Would the World tend to be Better, Worse, or the Same if People were more Rational?

  • Better

    Votes: 14 58.3%
  • Worse

    Votes: 5 20.8%
  • Same

    Votes: 5 20.8%

  • Total voters
    24

Sunstone

De Diablo Del Fora
Premium Member
All else being equal, would the world tend to be better, worse, or the same if people were more rational?

If better, in what way(s) would it be better?

If the same, why the same?

If worse, in what way(s) would it be worse?

BONUS QUESTION: What do you personally mean by "rational"?
 

9-10ths_Penguin

1/10 Subway Stalinist
Premium Member
Would the world be better if people were more rational? If so, in what way(s)? If not, why not?
Yes, it would be... in terms of human physical and mental well-being.

As for what ways it would help... an example from modern history: Norman Borlaug is credited with preventing a billion (with a b) deaths due to starvation and malnutrition by developing and expanding a rational approach to agriculture. I'm sure that other fields could have similar gains from a rational approach.
 

Revoltingest

Pragmatic Libertarian
Premium Member
As for what ways it would help... an example from modern history: Norman Borlaug is credited with preventing a billion (with a b) deaths due to starvation and malnutrition by developing and expanding a rational approach to agriculture. I'm sure that other fields could have similar gains from a rational approach.
And in the process, we've wiped out even more of the natural environment.
Still, I agree that rational thought would make things better.
 

Sanzbir

Well-Known Member
Would the world tend to be better, worse, or the same if people were more rational? If so, in what way(s) would it be better? If the same, why? If worse, why worse?

No.

Because we would not exist.

Our irrationality are strangely rational in the schema of survival. It's a survival trait that evolution gave to us, for good reason.

Sure assuming the sudden movement you see in the forest is a hostile predator is not rational. But the rational person who waited for full verification and evidence of the movement's status as a predator was eaten.

Our brains have evolved to make several shortcuts, especially when it comes to evaluating danger, that enables us to survive better overall.
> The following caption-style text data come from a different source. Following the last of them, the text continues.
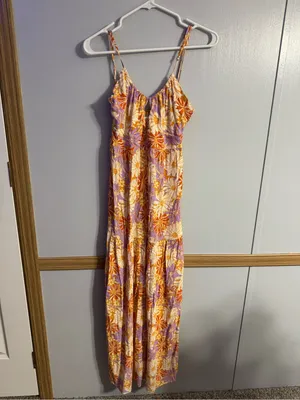 l*space Gemma Wavy Daisy Floral Print Midi Dress Size Small thumbnail 11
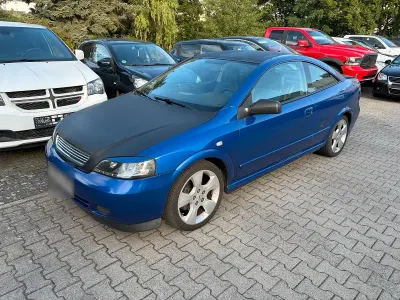 Gebraucht Opel Astra 2002 Blau Coupé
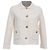 Casaco cropped abotoado Dior em viscose branca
We're irrational by design. Most animals that haven't been driven to extinction are.

Sure, we jump at sticks thinking irrationally that they are snakes, but sometimes they are snakes and that irrational instinct saves us.
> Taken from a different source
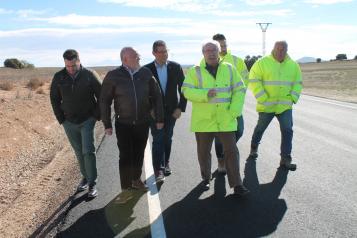 Visita obras de mejora de la CM-3209 entre Higueruela y Bonete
If humans were rational, we would have gone extinct before we got agriculture figured out.

All we really need is to foster awareness of why we are irrational so we can work on a personal level to combat our own irrationality where it causes negative effects.
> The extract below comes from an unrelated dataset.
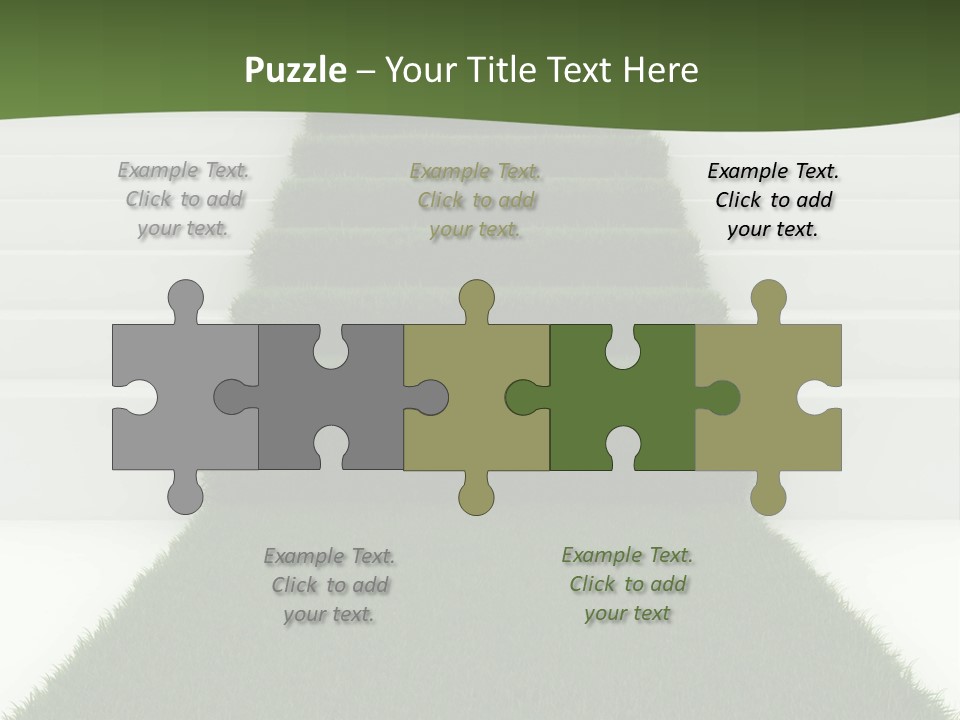 A Set Of Steps Leading Up To The Top Of A Hill PowerPoint Template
But human irrationality is still a net positive, at least when it comes to our overall survival, otherwise we would not have evolved in that way. If it was a detriment, then the irrational folks would have died and the rational ones lived to reproduce. But that didn't happen, instead the irrational ones survived.

And now that we have advanced to where we are now, we can start to understand our own irrational tendencies and work to minimize the downsides of this evolutionary survival trait.
 

sun rise

The world is on fire
Premium Member
I would vote for "the world would be a better place if people were more kind and loving" over rationality. But being rational is also helpful.
 

Skwim

Veteran Member
Irrationality never won a fair lady. (What the hell does that mean?)... (It means wimen need a darn good reason to drop their nickers)... (Oh.)

.
 

bobhikes

Nondetermined
Premium Member
Rational doesn't = Good, Fun, Beautiful, Loving ...etc. Rational tends to mean cold and calculating. The life of the party is not the Rational person.
 

Enoch07

It's all a sick freaking joke.
Premium Member
All else being equal, would the world tend to be better, worse, or the same if people were more rational?

If better, in what way(s) would it be better?

If the same, why the same?

If worse, in what way(s) would it be worse?

BONUS QUESTION: What do you personally mean by "rational"?

Imo it would be about the same. A good example is the divide within the atheist community. Those that support feminism and those that believe feminism is an ideology, dare I say, almost a religion. Even amongst a majority rational civilization differences of opinion will always be present.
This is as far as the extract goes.